Иммигрантский Дневник - стр. 28
5. Галле – Эрфурт
1
Обычно в армии для неуставного подогрева воды в ночное время использовались два бритвенных лезвия с зажатыми между ними спичками. Устройство скреплялось хэбэшными нитками, и к каждому лезвию вела проволока, другой конец которой втыкался в розетку. Таким устройством можно за считанные минуты вскипятить полтора-два литра воды. Особо продвинутые солдатики использовали подковы от кирзачей. В этом случае процесс происходил значительно интенсивнее – уже через несколько секунд вода начинала бурлить крупными пузырями. Электрические пробки не всегда выдерживали многоамперные перепады силы тока в казарме накануне регулярного ночного чаепития. Тогда виновнику происшествия грозили неприятнейший разговор с офицером и наряд по полковой столовой. Чтобы избежать двадцатичасового марафона по чистке картошки, в Москве я купил удобный кипятильник. Вещь ценная, новая. На улице сугробы. Выбросить жалко. Вдруг пригодится.
Теперь он лежал в небольшой матерчатой сумочке вместе с военным билетом, студенческим билетом, удостоверением механика тропосферной связи и несколькими справками из двадцатой больницы, где я провел чуть более недели во время отпуска из-за аппендицита. С такими сумочками ходят в магазин за молоком. А чемодан остался в подвале Бенни Хилла, своим черным блеском украшая покрытое пылью помещение.
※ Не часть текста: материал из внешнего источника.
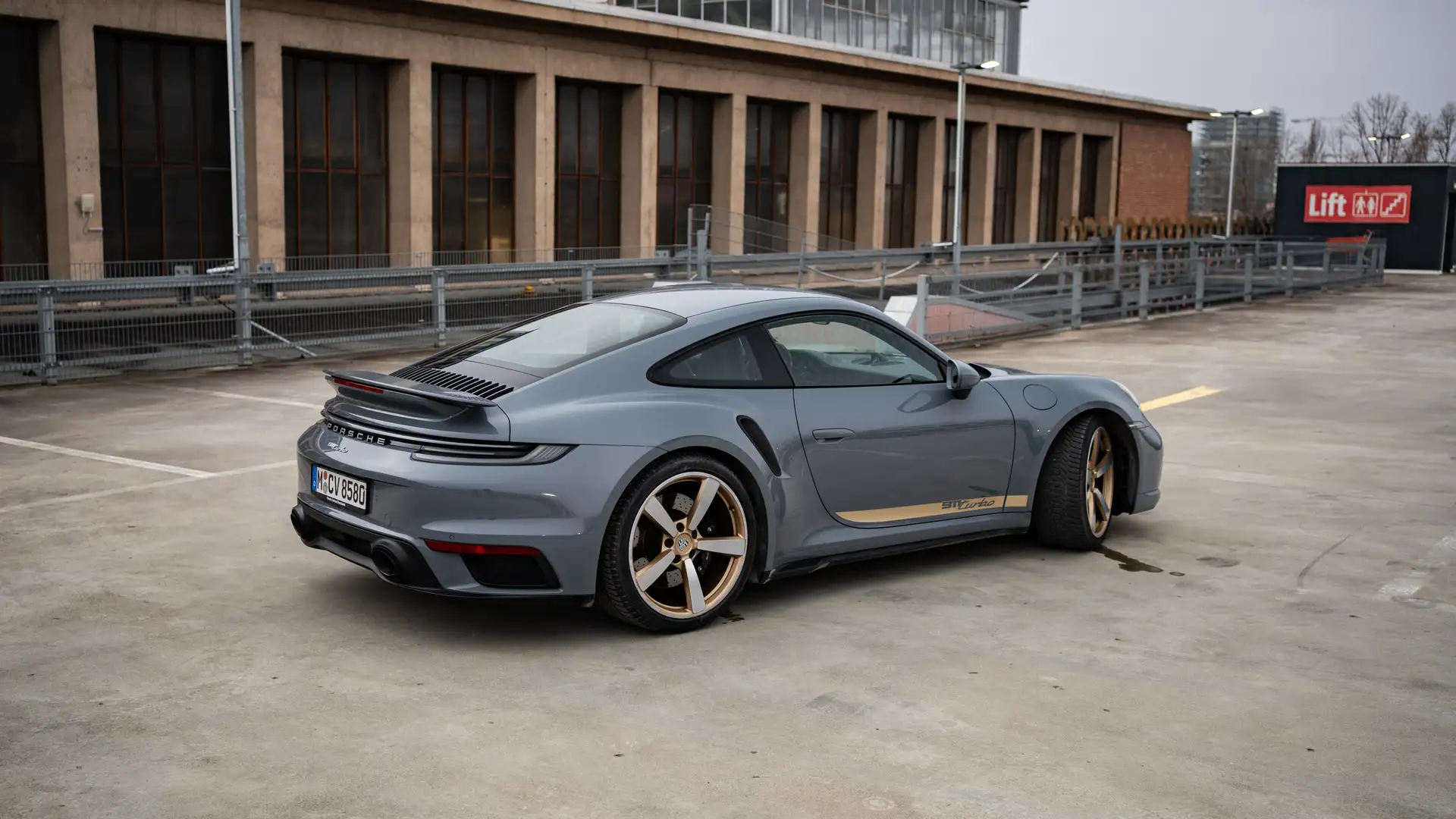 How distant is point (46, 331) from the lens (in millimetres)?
13797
Вагон оказался сидячим. В купе вместо ожидаемых полок стерильные кресла. Стерильные пассажиры. И я в куртке и джинсах с заплаткой. Туалет удивил отсутствием рвотно-железнодорожного запаха, и в шутку подумалось: я бы тут жил. Он выглядел чище, чем кабинет участковой врачихи в нашей поликлинике. От Биттерфельда до Галле всего тридцать минут наслаждения. Делая вид, что задремал, я украдкой разглядывал сидящих по соседству. Купе демонстрировало полное безразличие к моей личности, заспанному виду и начавшей появляться щетине – я не брился уже несколько дней. Гражданская одежда великолепно играла свою роль.
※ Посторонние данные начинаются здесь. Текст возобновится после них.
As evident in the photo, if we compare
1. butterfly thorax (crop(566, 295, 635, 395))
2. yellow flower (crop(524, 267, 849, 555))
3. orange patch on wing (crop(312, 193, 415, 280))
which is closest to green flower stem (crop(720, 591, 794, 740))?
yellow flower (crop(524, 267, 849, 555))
Большой и пустынный вокзал города Галле встретил божественным натюрмортом. Красиво положенные ананасы, апельсины и картошка смотрели на меня из-за пуленепробиваемого стекла одной из витрин, вызывая дикий приступ голода. Впоследствии я узнал, что принял за картошку фрукт киви. Но кто уж поведает об этом в Галле ночью? Творение декоратора, переливающееся тропической радугой, дразнило недоступной близостью. Сейчас я искренне ненавидел проклятого, с любовью украсившего магазин человека за горы сверкающих обертками конфет и судорогой сведенные скулы. Кроме двух божественных бананов, во рту не было маковой росинки с того момента, как я покинул площадь в Биттерфельде. Подобно попу-расстриге, на которого снизошло внезапное решение избавиться от ананасового греха, я выбежал на мороз – лишь бы не видеть этого невыносимого тропического спектакля в закрытом магазине.